Many investors didn’t seem to understand the danger that they could lose everything by investing in inverse volatility ETFs. Yet as investors in the inverse volatility ETF ProShares Short VIX Short-Term Futures (NYSEMKT:SVXY) have discovered, there’s another risk that exchange-traded fund investors have to deal with: changes in investment models that can dramatically change the way that a fund operates without having to get shareholder approval.
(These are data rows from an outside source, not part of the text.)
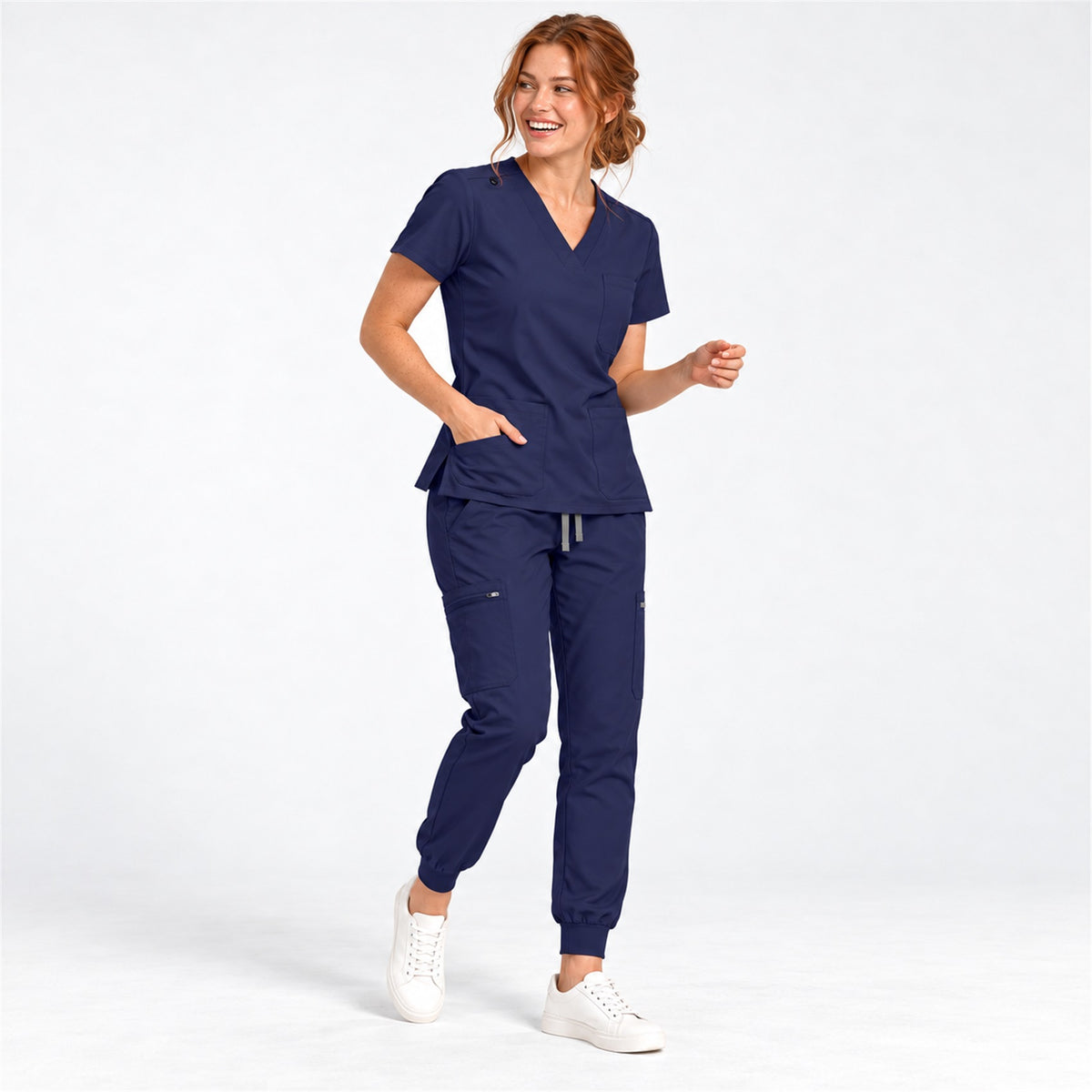 Women's V-Neck Cargo Jogger Scrub Set | G&P
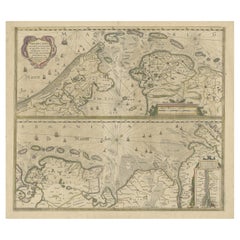 Originale antike Gravuren mit der niederländischen und deutschen Nordseeküste, um 1650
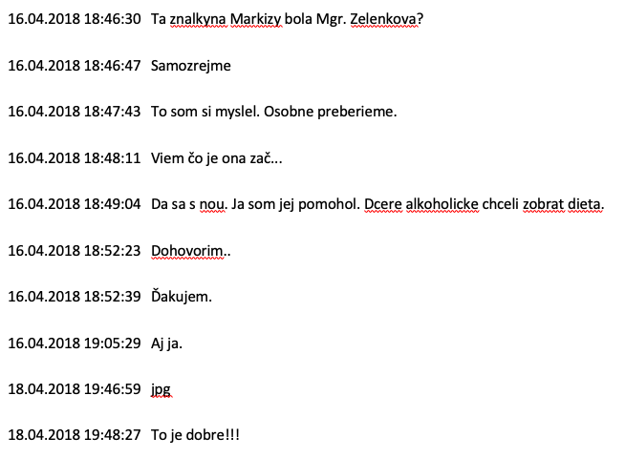 Kľúčová časť prečítanej komunikácie medzi Michalom Mandzákom a Marianom Kočnerom.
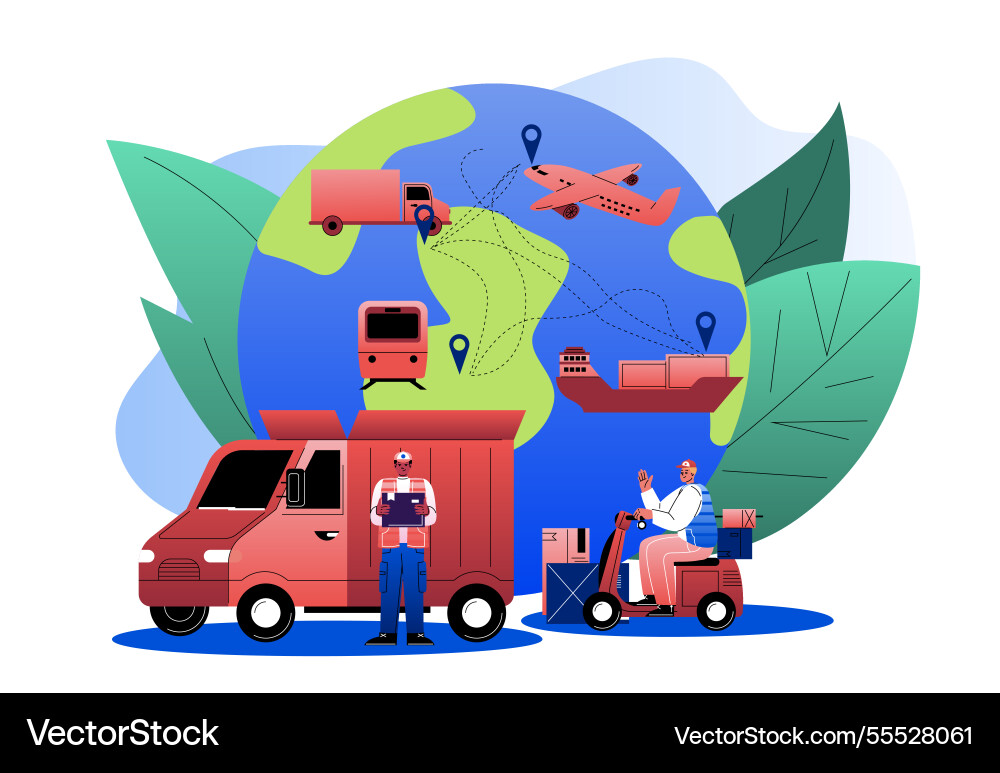 Global Logistics Network vector image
A unilateral move from ProShares
Initially, ProShares said that the inverse volatility ETF’s plunge of more 80% on Feb. 6 “was consistent with its objective and reflected the changes in the level of its underlying index.” ProShares claimed that “we intend to continue to manage the fund as usual” going forward. At that point, it seemed as though ProShares was comfortable that its investors understood the risks of its volatility products and were prepared to keep using them in their investment strategies going forward.
Yet just three weeks later, ProShares changed its tune. In a press release, the ETF manager said that it would change the investment objective on its inverse volatility ETF. Rather than looking to track the inverse movements of an index tied to the S&P 500 VIX futures contracts on a daily basis, ProShares said that the fund would instead look to produce one-half of the inverse of those daily moves. For example, under the old methodology, a 10% move higher in volatility should have produced losses of 10% for the ETF. Going forward, ProShares would instead look to produce a 5% loss in that circumstance.
ProShares also made changes to one of its leveraged volatility ETFs. The ProShares Ultra VIX Short-Term Futures (NYSEMKT:UVXY) had looked to produce double the daily change in its target volatility index, but the fund manager said that going forward, the investment objective would be to produce 150% of the daily change instead.
What the changes did to investors
The changes were made with minimal notice to investors, as the press release on Feb. 26 discussed the changes effective at the close of business on Feb. 27. ProShares said that it would have to obtain certain regulatory approvals to make the changes permanent, but that didn’t stop the company from moving forward immediately. ProShares argued that “it was in the best interests of the funds and their shareholders to promptly implement this change.”
The changes had two substantial impacts. First, investors in the funds suddenly found themselves with instruments that no longer served the purposes for which they had bought them. In response, they either had to adjust their exposure to the volatility ETFs accordingly to account for their reduced leverage, or they had to find replacement securities in their place.
Even more unfair was the impact that the move had on holders of options of volatility ETFs. By making the change in investment objective, ProShares dramatically reduced the likelihood of dramatic movements in the volatility ETFs. That reduced the value of options to buy or sell ETF shares, especially those options that would only be profitable in the event of large movements in the underlying share price. In some cases, the change by itself effectively wiped out options investors that were betting on a repeat of early February’s volatility spike — all while failing to give those investors enough time to do anything about it.
Dealing with unstated risk
Although the prospectus for the ProShares funds talks about a large number of potential risks, it didn’t include the fact that the investment manager reserved the right to change the investment objective unilaterally with minimal notice and no consent from shareholders. Even now, the amended prospectus lacks any such language.
Many volatility ETF investors have learned the hard way about the risks involved in this investing niche. What happened in early February was a clear risk that any investor in these securities should have known about, as it was clearly stated in the prospectus and other documents describing the funds. That ProShares would unilaterally change how its ETFs invest, by contrast, was a risk that many investors never saw coming — but it’s one that anyone who trusts their money to a fund manager has to contemplate as a possibility going forward.